The county filed a motion for summary judgment, which the district court granted. On appeal, the plaintiff stated that she was no longer pursuing her constructive demotion claim.
The 4th Circuit determined that the plaintiff could not prove discrimination or retaliation, because she agreed to her job transfer to settle her prior discrimination claim. In fact, the settlement itself characterized the transfer as a reasonable accommodation, and it thus could not represent an adverse action. The court also noted that it had never decided whether a claim of constructive demotion exists.

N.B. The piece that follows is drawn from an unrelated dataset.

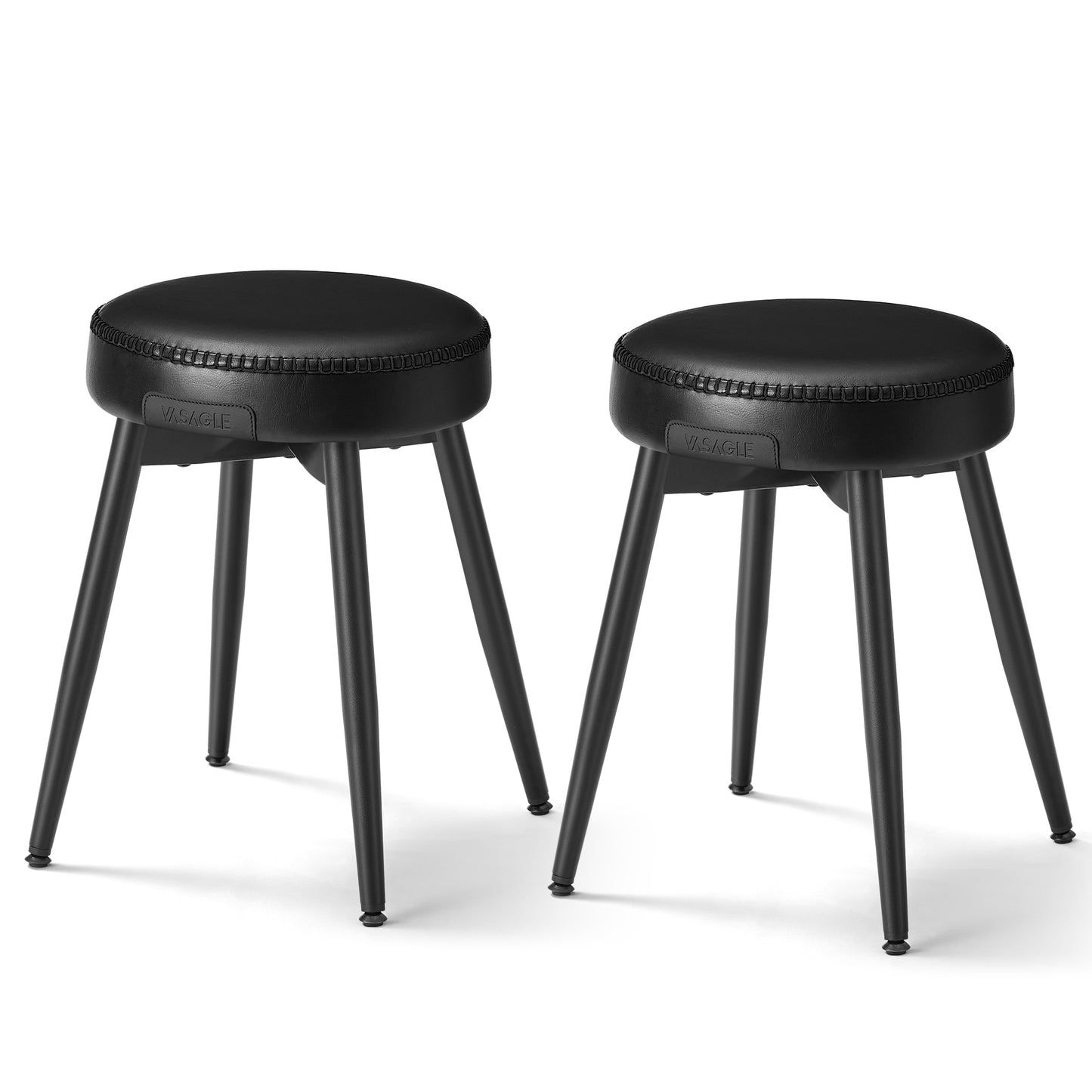 VASAGLE EKHO Collection - Dining Chairs Stools Set of 2, Upholstered Kitchen Stools, Vanity Stools, Synthetic Leather with Stitching, Ink Black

In a concurring opinion, one judge opined that he would recognize a constructive demotion claim when a job is made objectively intolerable to force the plaintiff into accepting a lower position. Yet the 4th Circuit nonetheless upheld the district court’s dismissal of the plaintiff’s claims.
Laird v. Fairfax County, Va., 4th Cir., No. 18-2511 (Oct. 23, 2020).
Professional Pointer: With the possibility of new constructive demotion claims, employers must guard against pressuring an employee to accept job changes upon threat of discharge. Such conduct may end up creating liability even if the employee seems to desire the change to resolve workplace complaints.
Jeffrey Rhodes is an attorney with McInroy, Rigby & Rhodes LLP in Arlington, Va.